Thursday, 25 October 2012

Too Big to Fail by Andrew Ross Sorkin

Too Big to Fail: The Inside Story of How Wall Street and Washington Fought to Save the Financial System is an in depth look at the credit crunch from the time that Bear Sterns was bought by JP Morgan (it does not cover this in any great detail) to the introduction of the bail outs for the major US Banks.

Too Big to Fail: Inside the Battle to Save Wall StreetThis book is the most in depth look at the near collapse of the financial system in America (although it briefly touches on the impacts on the international financial system) and is the most in depth look at a financial crises since the 1990's classic Barbarians at the Gate which dealt with the takeover of RJR Nabisco.  It is written in a similar fashion as well - it looks at the crises from each individual bank CEO and senior management as well as regulators and investors. 

What Sorkin has attempted to do in this book, and does so amazingly effectively, is look at the financial crisis from every viewpoint so that we the reader understand what was going through the minds of decision makers when important decisions were being made (whether they were the right or wrong ones at the time).  It was a mammoth task and one that few books previously have emulated.

The necessary trade off for the amount of detail required is that this book takes a seriously long time to read if you are following all the detail.  I like to think that I am a rather quick reader however this book took me a very very long time to finish.  I enjoyed every moment of it. 

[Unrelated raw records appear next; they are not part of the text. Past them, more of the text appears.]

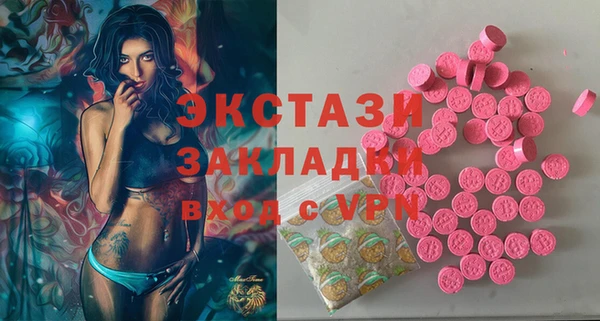 экстази Наволоки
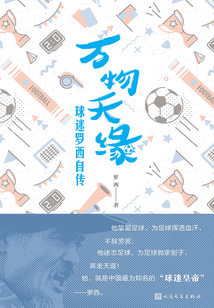 萬物天緣：球迷羅西自傳
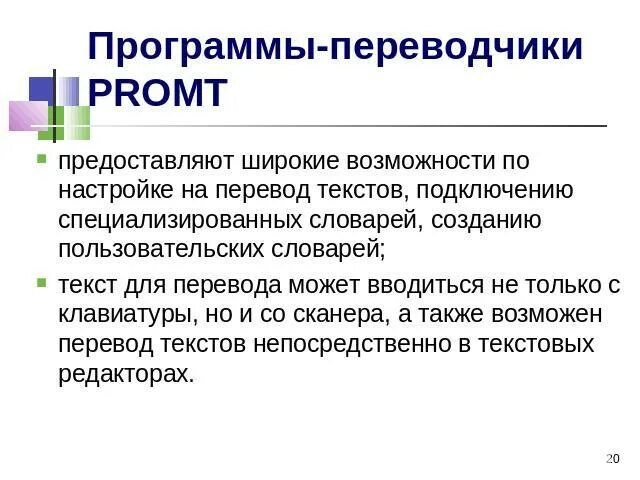 Программы переводчики. Доклад по теме системы компьютерного перевода. Современные программы переводчики. Программы переводчики курсовая работа.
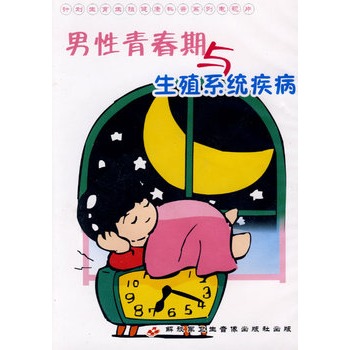 男性青春期与生殖系统疾病(VCD)价格_品牌_图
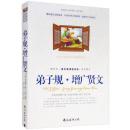 正版 弟子规·增广贤文教育部《语文新课程标准》推荐篇目 国学经典书籍 弟子规书正版 增广贤文正版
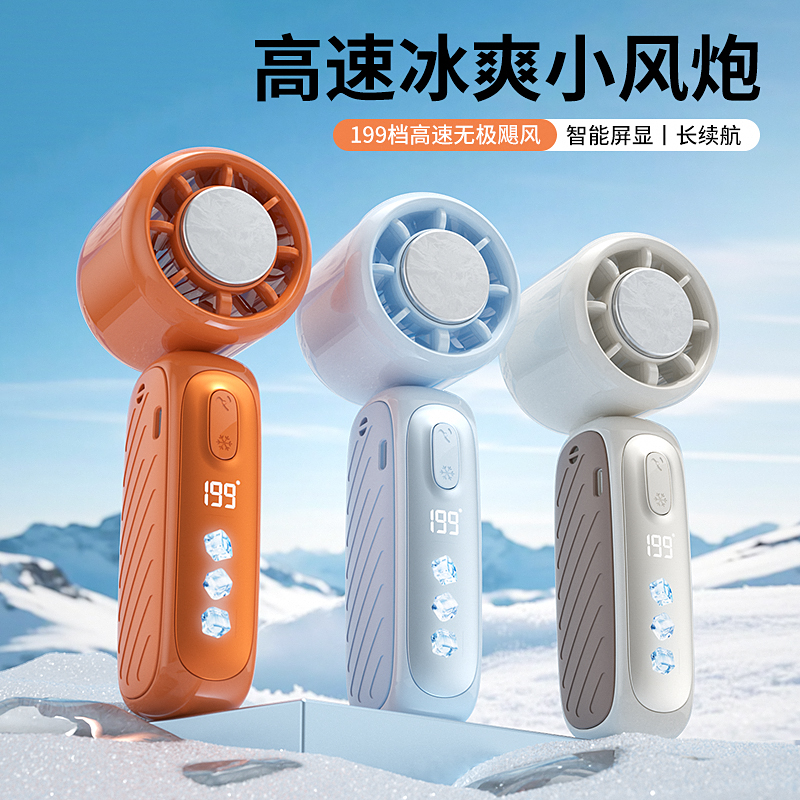 Portable Mini Fan KG07 - USB Rechargeable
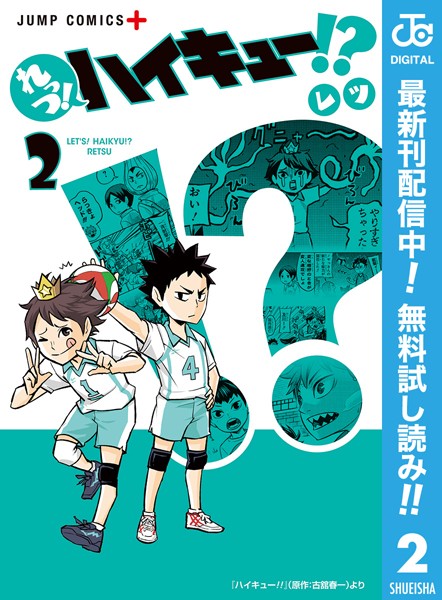 れっつ！ハイキュー！？【期間限定無料】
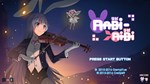 Rabi-Ribi - Orchestra Music Mode & Skin DLC - изображение № 2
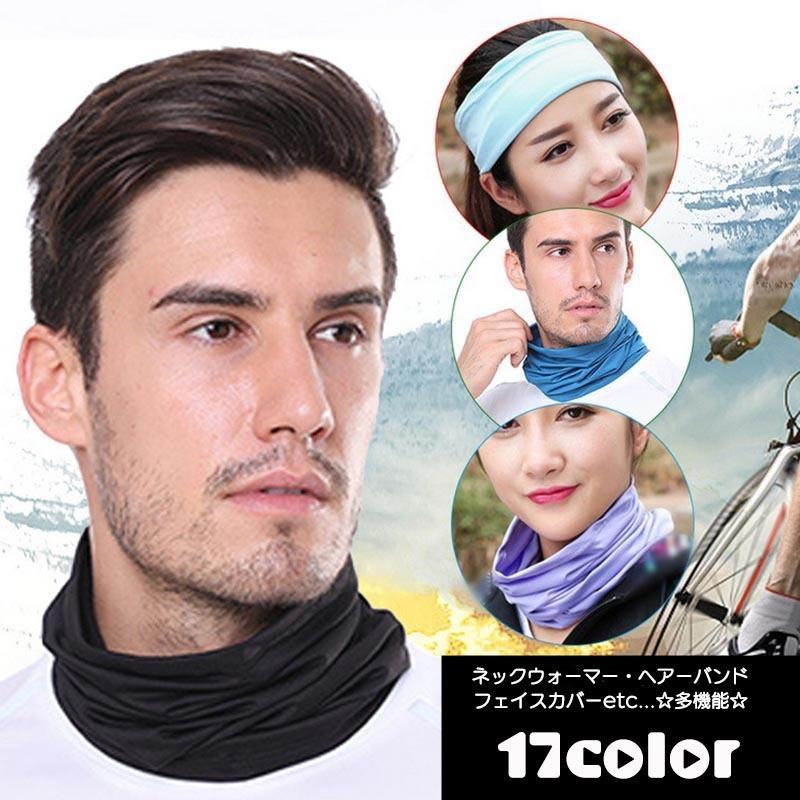 ネックウォーマー 多機能 男女兼用 レディース メンズ ファッション小物 ヘアバンド フェイスカバー ターバン ヘアターバン バンダナ リストバンド Oth プラスナオyahoo 店 通販 Yahoo ショッピング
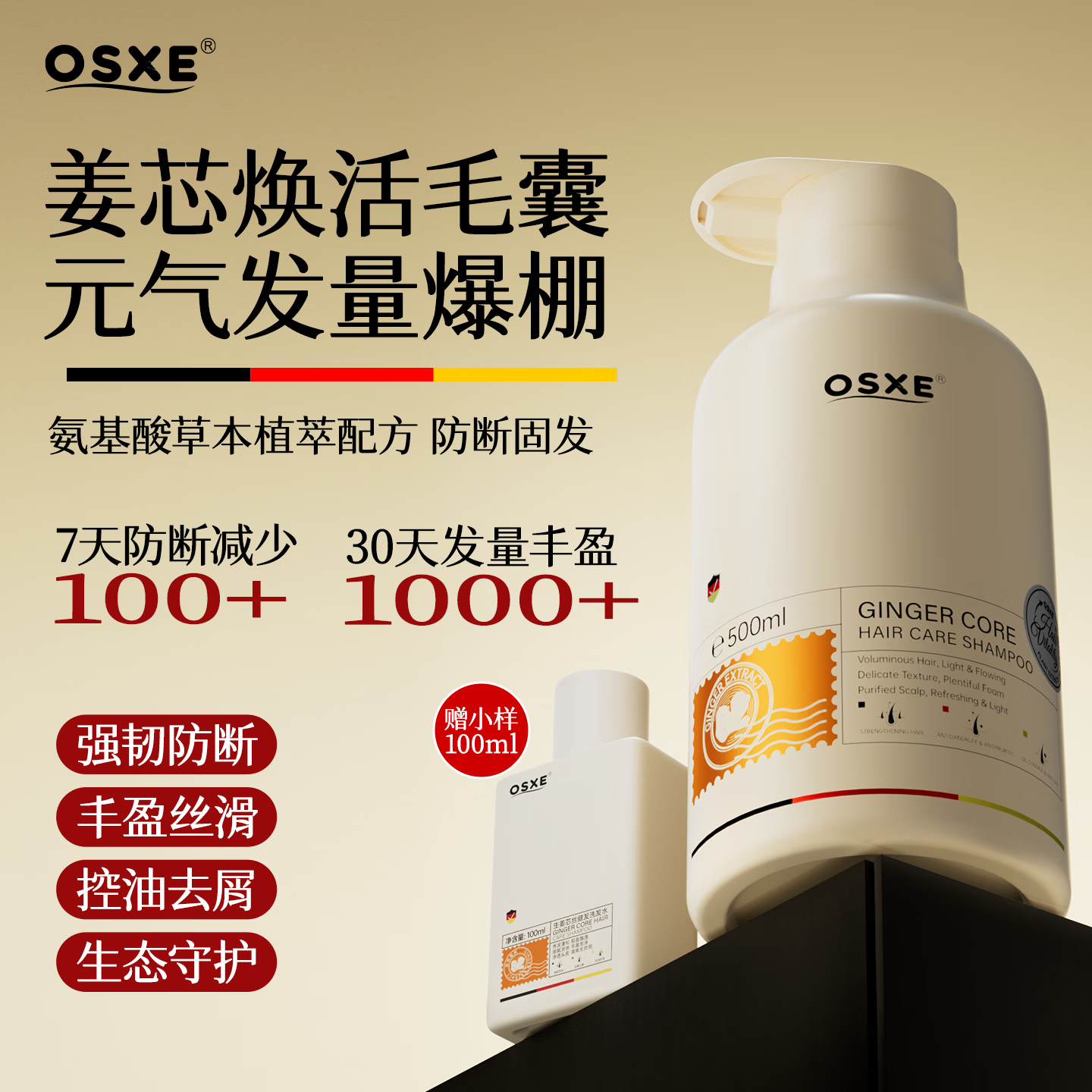 OSXE德国进口原料生姜洗发水密发增发氨基酸强韧防断侧柏叶何首乌黑发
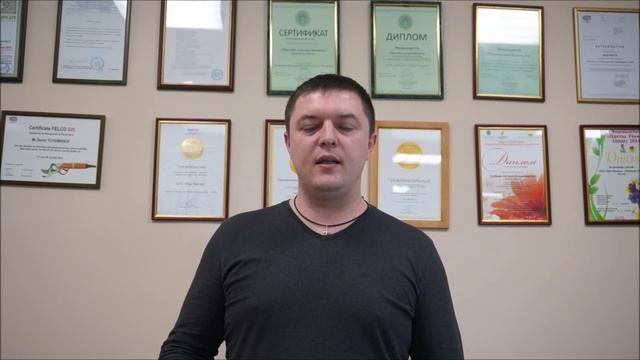 Семинар 24 марта для ландшафтников от питомника Ниваки. смотреть онлайн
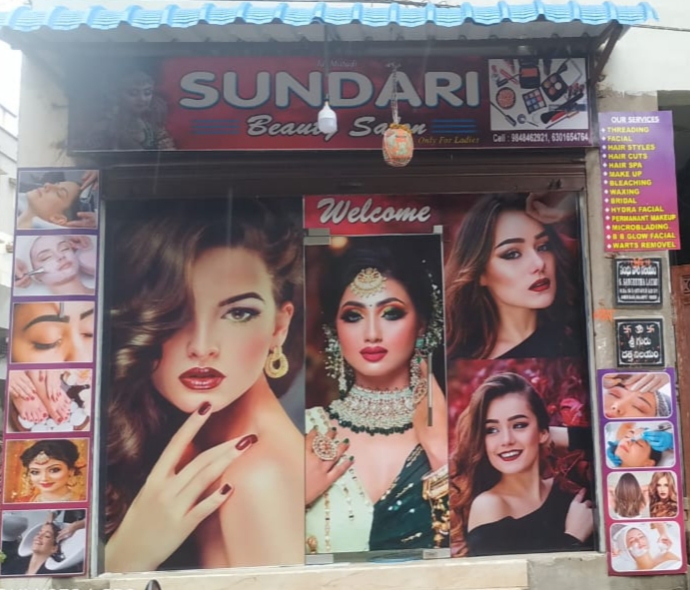 Sundari Beauty Care And Training Center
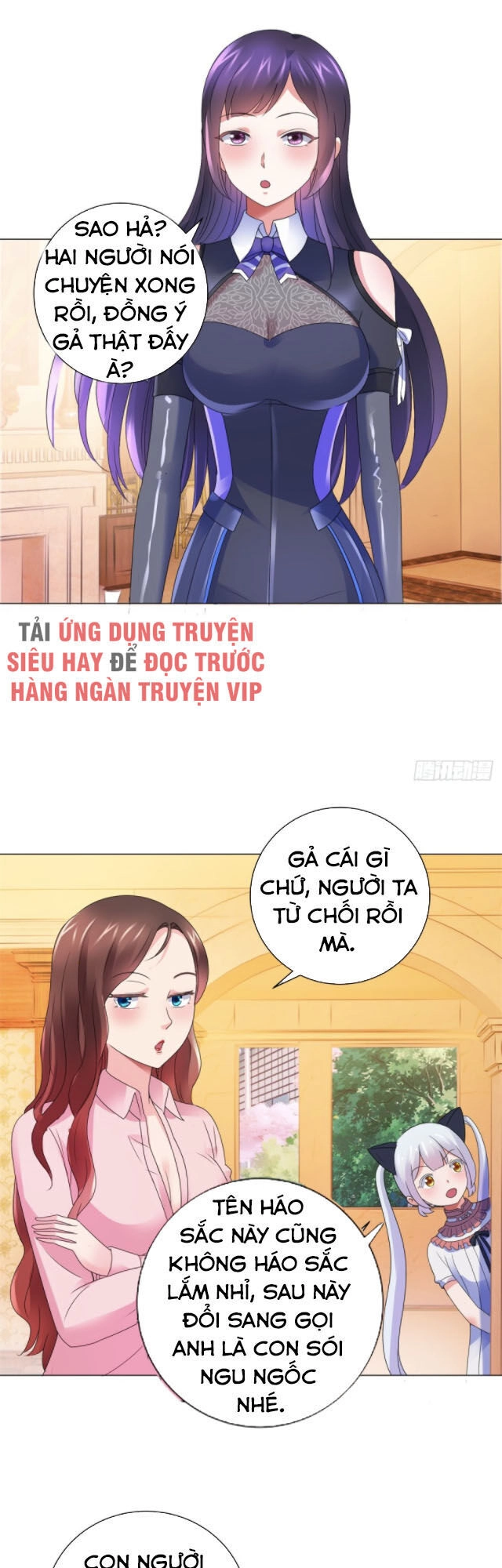 Đô Thị Chí Tôn Hệ Thống Chapter 141 - 13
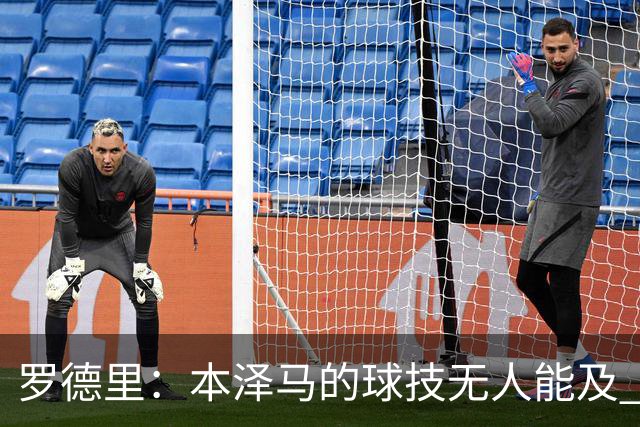 罗德里：本泽马的球技无人能及 曼城比皇马强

The beauty in a book like this is that most of us know the highlights - Lehman's fails, Morgan Stanley and Goldman Sachs become bank holding companies, AIG, Fannie Mae and Freddie Mac are effectively nationalised, the banks are bailed out etc etc.  Therefore we are not reading to see what happens but rather HOW it happens.  In this way the detail is not too much - we are reading for the detail, for the thought processes and for the insights that this book gives us into the way that CEO's, regulators and law makers think.

Because this book is not pushing one point of view or another, but rather going through a series of events, and these are from the view of the professionals involved in it it may seem like it is very much pro business and does not tackle the underlying flaws in the system.  But this book is not meant to preach - it is giving insights into what actually happened - not what should have happened.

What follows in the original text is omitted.